Schiff believes that a combination of devices, drugs and cell therapies, laying the foundations for a new generation of diagnostics and treatments, will illuminate the penumbra between conscious and unconscious. “We’re not quite there yet,” he stresses. Much of the work to date has demonstrated the value of brain scans on populations of patients but, ultimately, they need dependable methods that will work on a patient-by-patient basis. “We are going to have to do some amazing small-scale studies to show what is possible in one or two subjects before everyone gets simple things done that can help them today,” Schiff says. Eventually, he believes there will be a “cultural shift”. Laureys thinks we may need to start with the language used to describe these patients – he wants to replace the loaded term “vegetative” with the neutral “unresponsive wakefulness”.
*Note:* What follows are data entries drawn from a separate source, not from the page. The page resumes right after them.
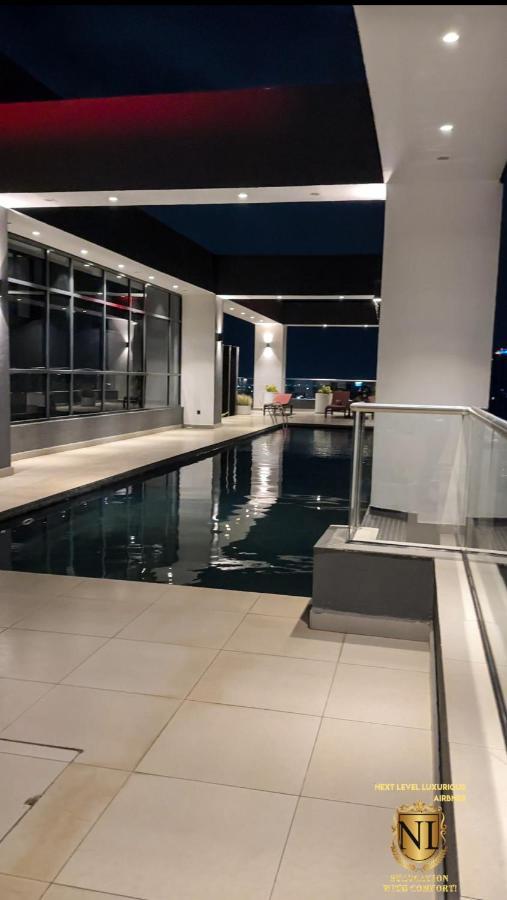 Escada Next Level Luxurious Home Ναϊρόμπι Εξωτερικό φωτογραφία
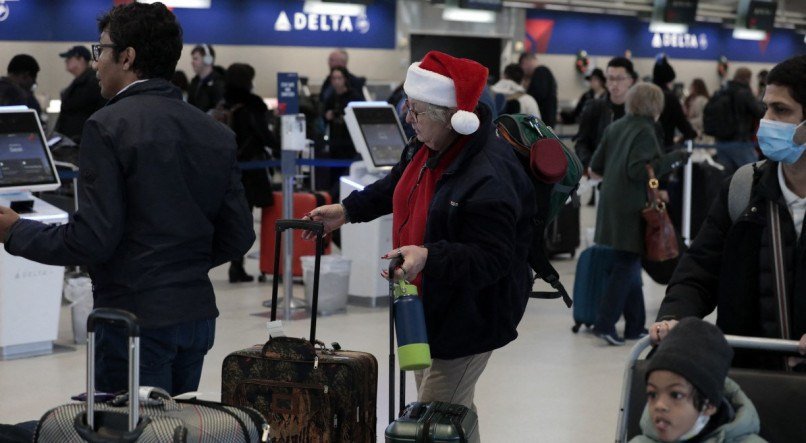 V&iacute;deos nas redes sociais mostraram fileiras de malas se acumulando nos balc&otilde;es de atendimento da Southwest Airlines em aeroportos de v&aacute;rias cidades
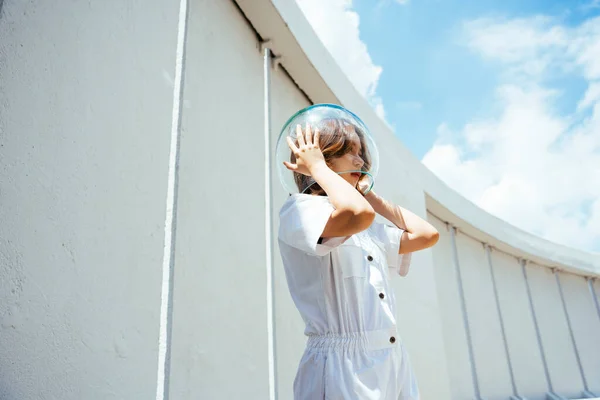 Femme Asiatique Portant Bol Verre Comme Astronaute Pour Protéger Pollution — Photo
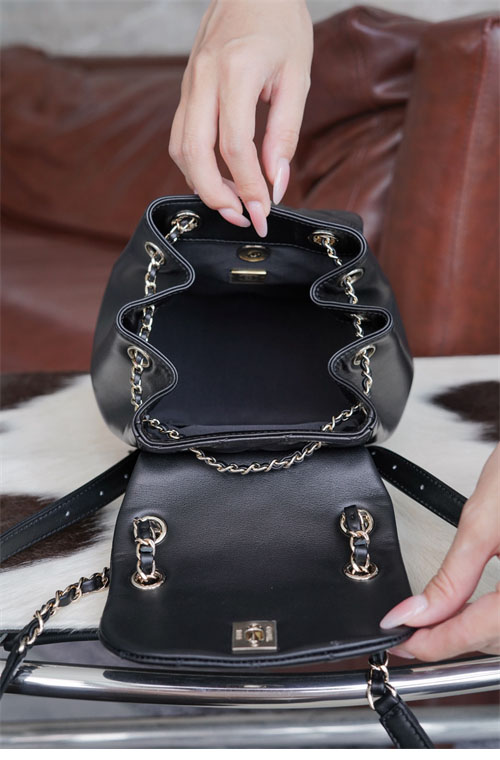 샤넬 24P 듀마 백팩 블랙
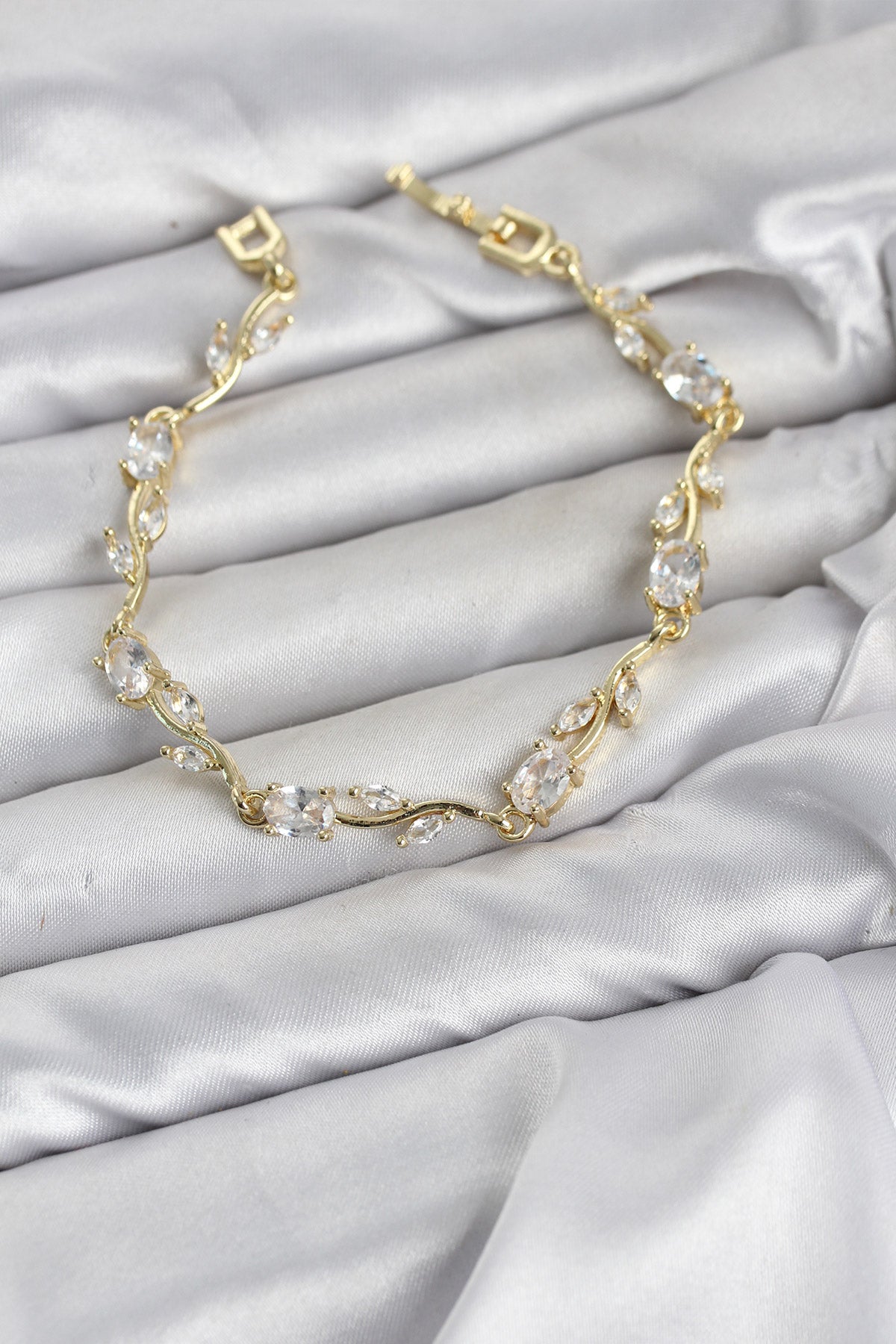 Pirinç Gold Renk Zirkon Taşlı Çiçek Model Kadın Bileklik TG27BB8579 - Çok Renkli / Standart
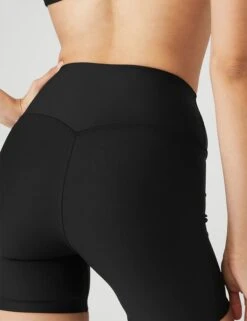 5" Airlift Energy Short - Black 11 5" Airlift Energy Short - Black -The Sports Edit alo yoga 5in airlift energy short black W6364R 6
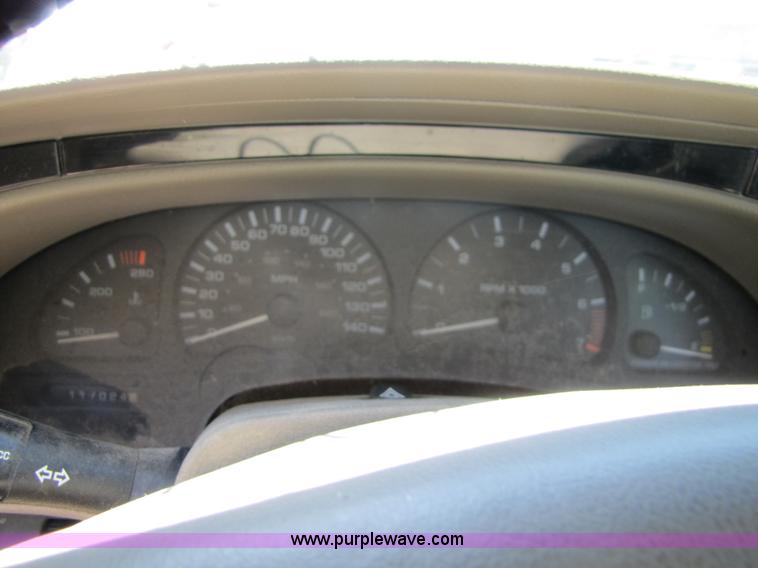 image for item 8586 1996 Oldsmobile Aurora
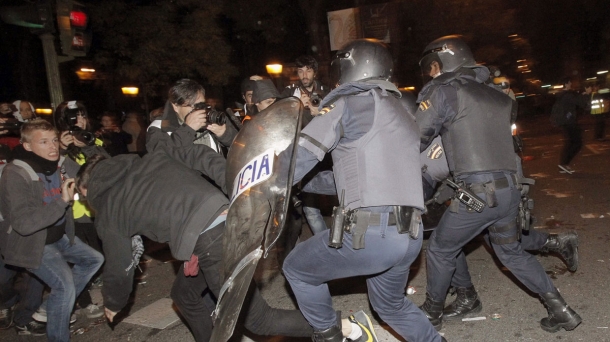 Batalla campal en Madrid tras la manifestación de la huelga general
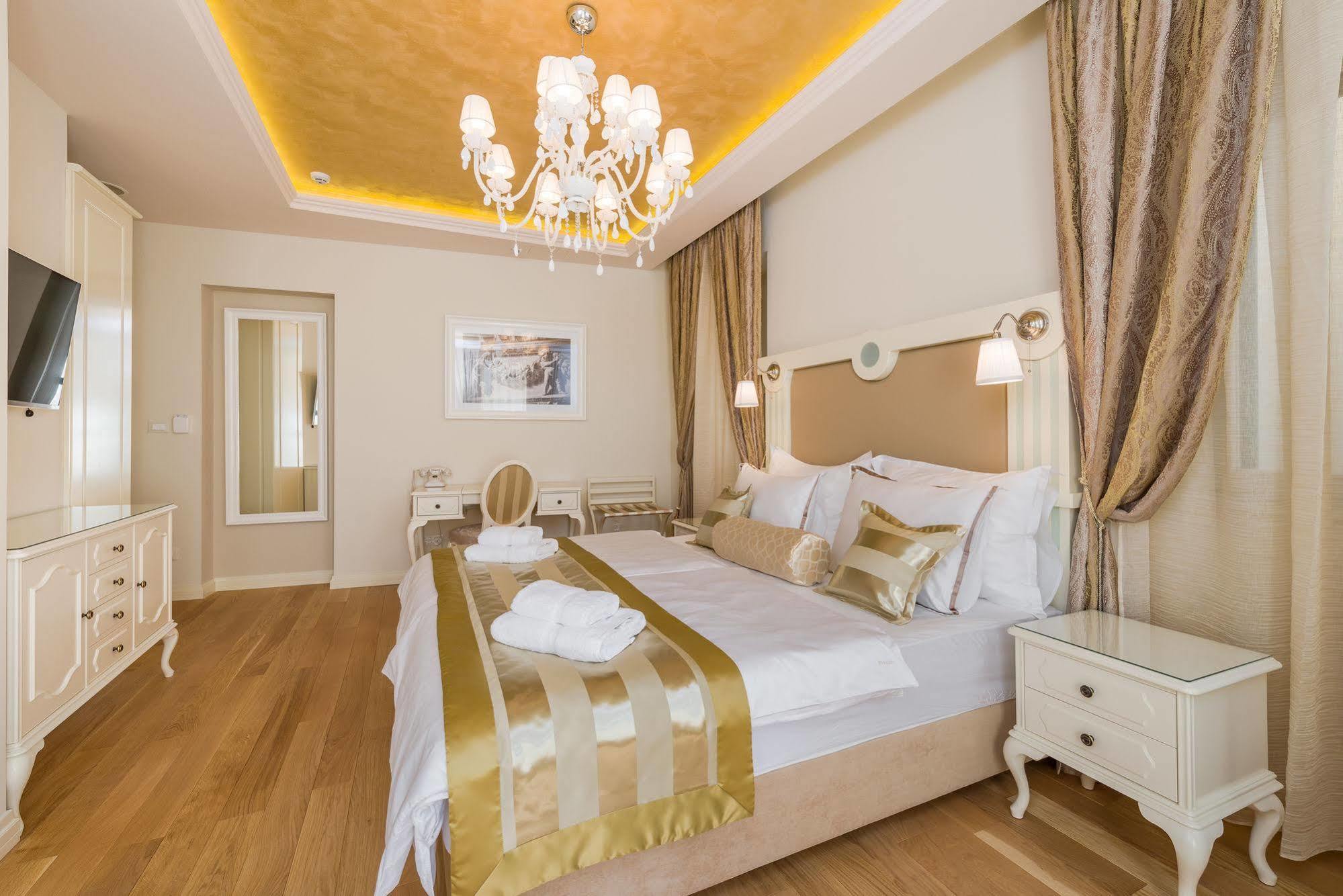 Piazza Heritage Hotel Сплит Экстерьер фото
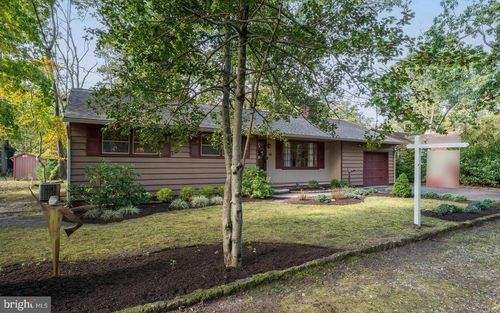 114 Hiawatha Trl, MEDFORD LAKES, NJ, 08055-1430 | Card Image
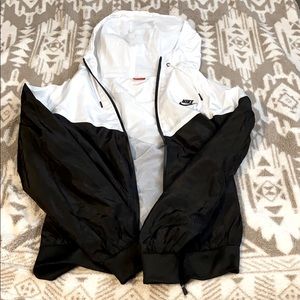 Unisex Nike Black & White Windbreaker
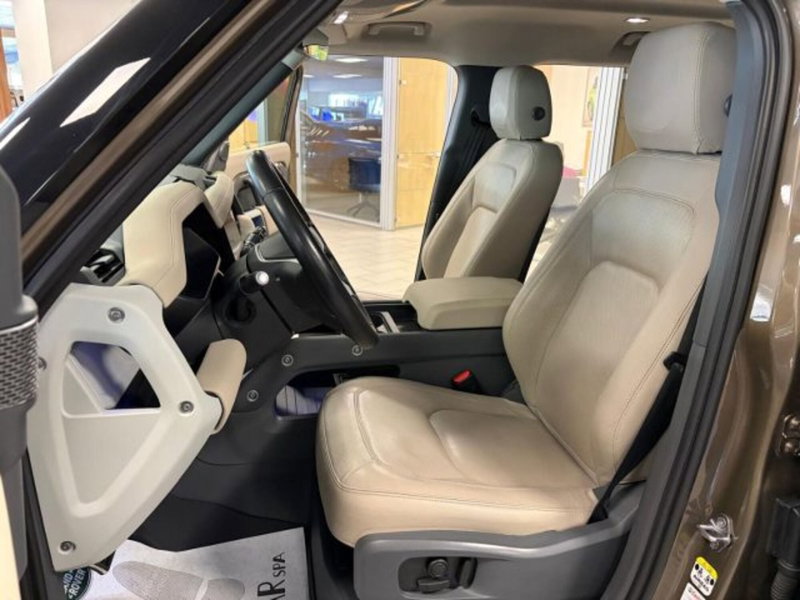 Land Rover Defender usata a Cuneo (12)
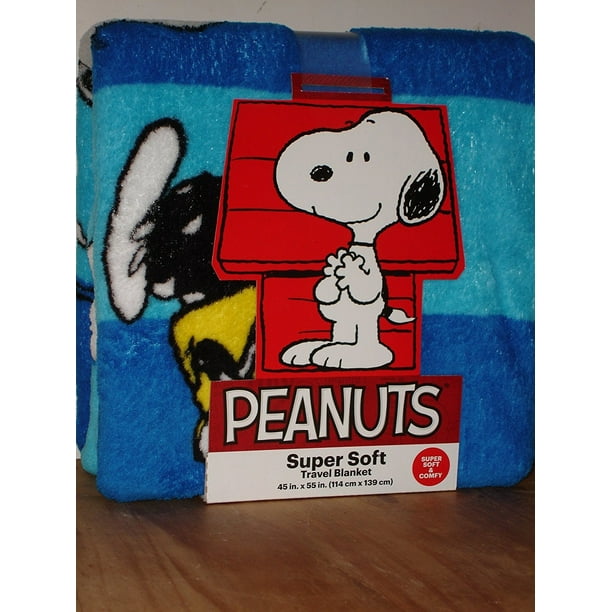 Peanuts Snoopy Super Soft Blanket Travel Size Comfort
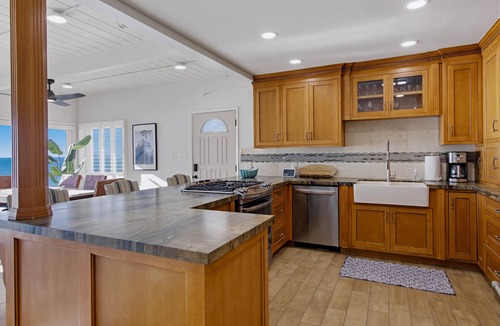 South Oceanside House | Ocean Front * Panoramic Views * Private Sand Beach * 2 Dogs OK!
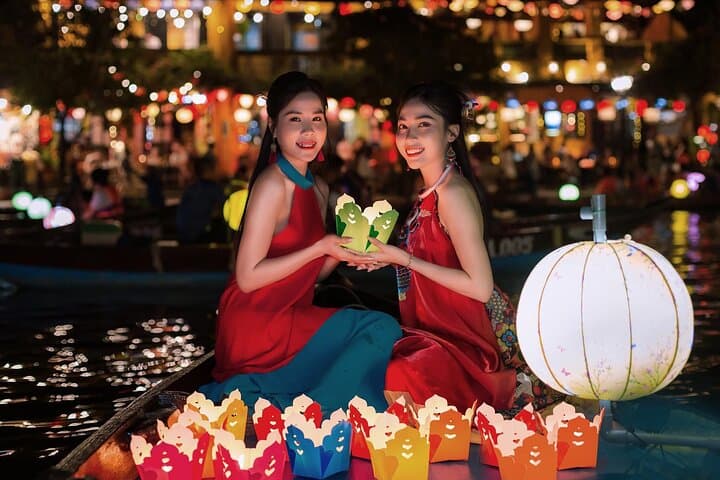 My Son Sanctuary & Hoi An Ancient Town Tour with Boat Ride and Lantern Release photo 3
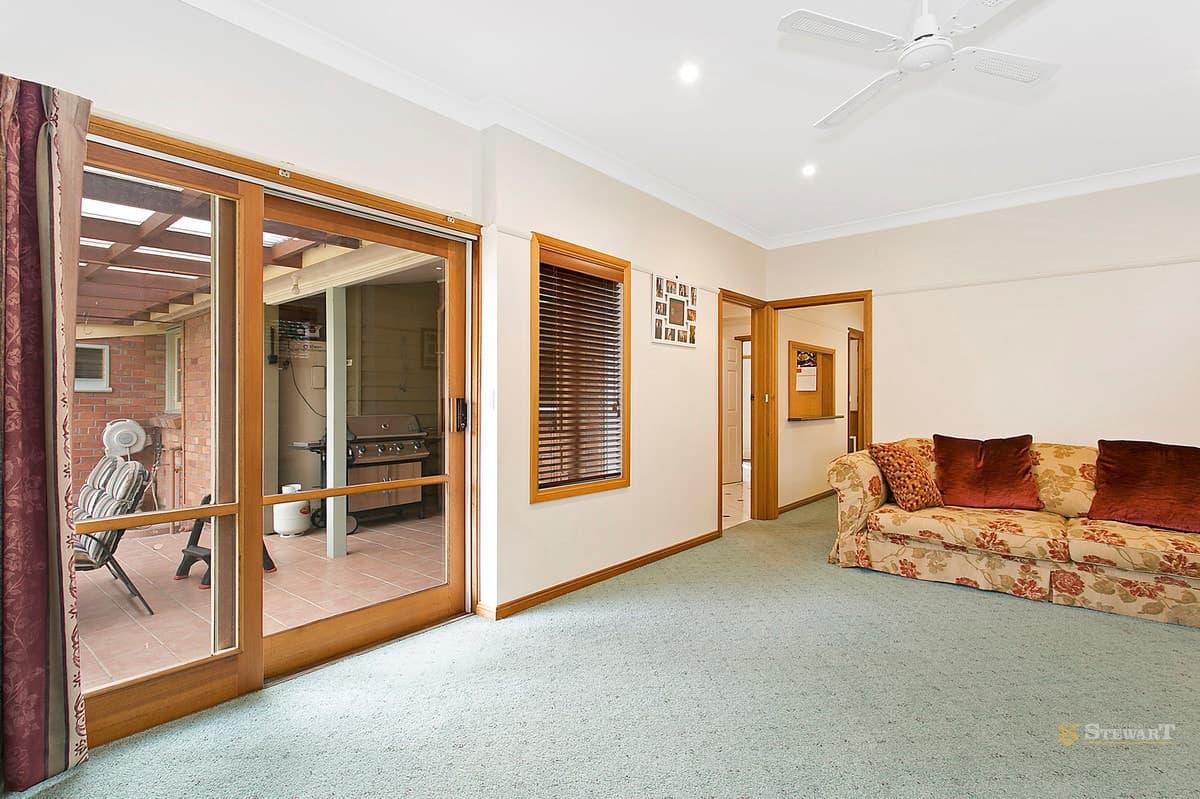 17 Grant Street, Colac, VIC, Colac - Thumbnail 4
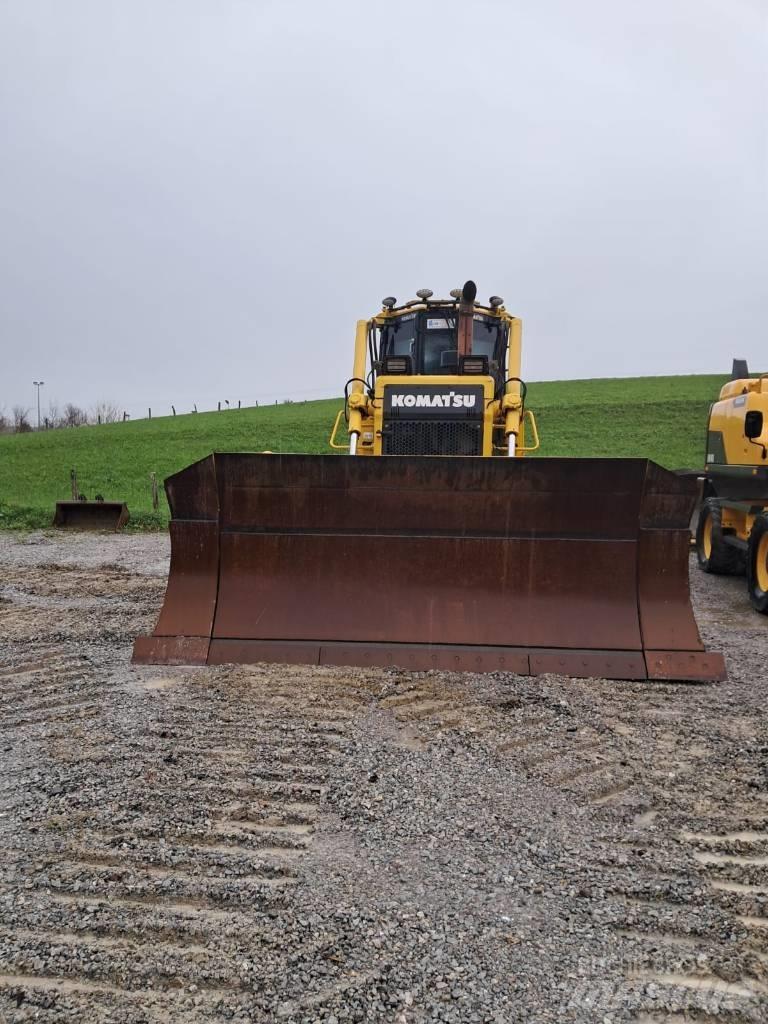 Komatsu D 65 PX-17 Buldožeri guseničari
Despite the scepticism, the difficulties in dealing with such diverse groups of patients, and the challenges of standardising diagnosis, the research is moving forward. It is already making a difference, enabling a few patients to tell their doctors whether they need pain relief. 
Back on Skype, Owen smiles, considering whether to tell me what he is planning next. Owen’s partner, Jessica Grahn, also a neuroscientist, became pregnant at the start of 2013. What happens when consciousness winks on in the developing brain?
He emails me a video of their unborn child, a montage of fMRI slices through their baby’s head, as it twists and turns in Jessica’s womb. “My colleagues have been doing fMRI on my wife’s tummy every week for a few weeks now to see if we can activate the fetus’s brain,” he writes. “It is AMAZING.”  
Scott Routley died in September 2013 with his family by his side.
Adrian Owen’s friend Anne remains in a vegetative state.
Adrian Owen and Jessica Grahn’s baby boy, Jackson, was born on 9 October 2013.